Hi guys - Thank you all for your input. Let me just chime in here for a moment with a couple of things. First, my original inquiry was spurned by the original quote I received from a local glass supplier. The quote I was hit with prompted me into DIY mode. I was originally quoted $1166.00 (plus taxes) for 2 brushed nickel hinges, installed on a 22 ½” X 48” piece of 10mm tempered glass with all 4 edges polished. The next quote I received, from the same company after explaining that I was looking to reduce my costs and therefore would supply my own hinges, came in at only $180 less.

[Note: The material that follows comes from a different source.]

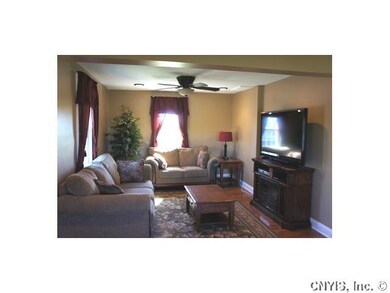 Living Room LARGE LIVING ROOM WITH PLENTY OF SEATI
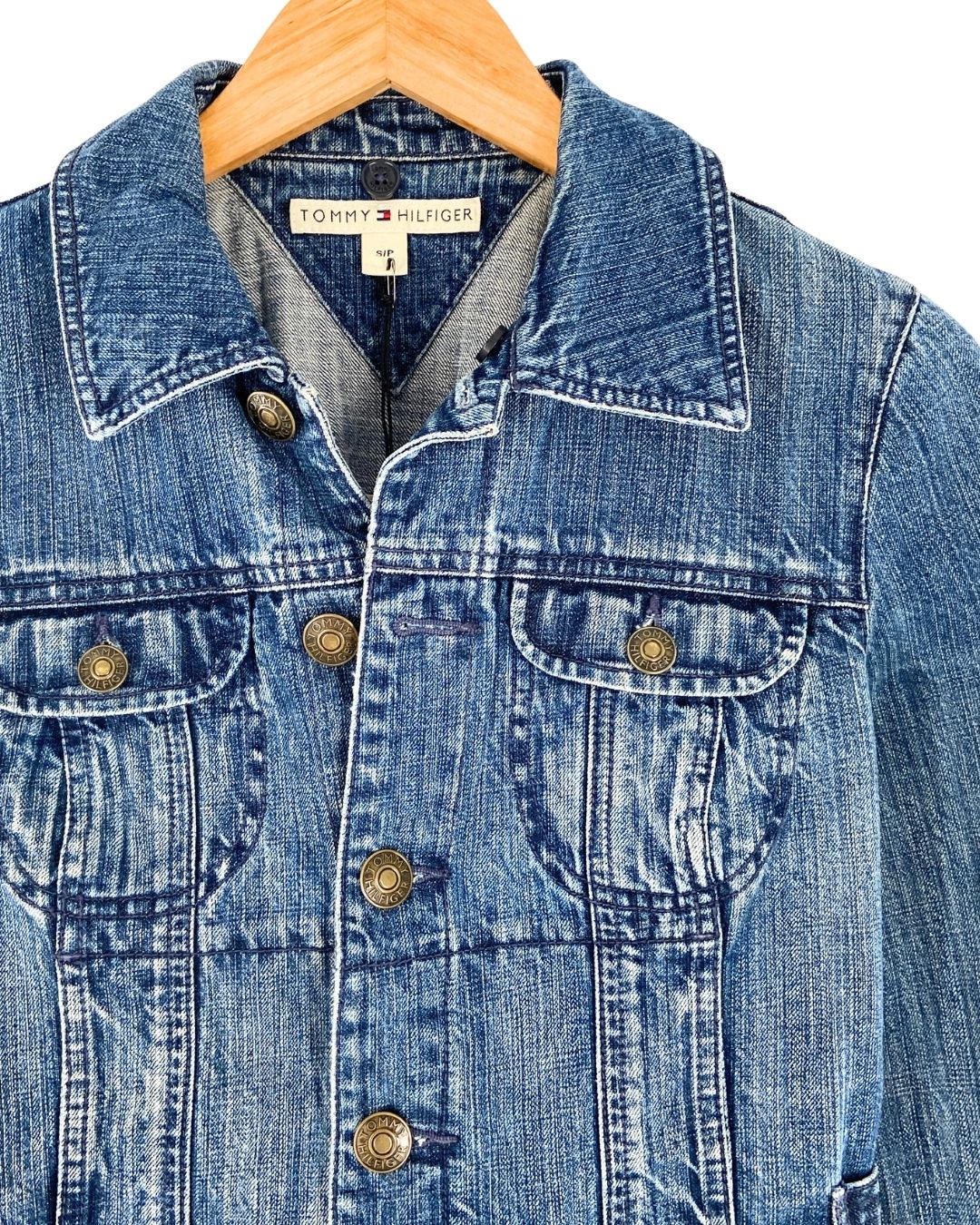 Chaqueta abotonada en denim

Slightly ...okay, more than slightly.. disheartened, I then began to shop around and asked for quotes from every single glass company in town. Keep in mind, that at this point, I was looking ONLY for the glass, thinking that I could find some shower hinges on ebay and just epoxy them onto the glass myself. The quotes ranged from $389.66+taxes all the way down to $160.10 including taxes.

Here's where the learning curve kicked in... I then began to inquire about the cost of hinges.. at this point, pretty much everybody informed me that I was looking at having to notch the glass. Here's the good part, though... the guy who came in at the lowest glass quote, also came in at the lowest overall price..

2 X notches @ $30.00 each = $ 60.00
2 X hinges @ $59.95 ea = $119.90
Shipping = $ 20.00
Sub total = $199.90
PST = $ 13.99
GST = $ 10.00
Total  = $223.89 in additional costs

Original cost of glass = $160.10

Total cost for what you require = $383.99

That's $931 saved over the original quote from supplier A. So, the moral of the story??? SHOP AROUND! Don't be discouraged by a high quote.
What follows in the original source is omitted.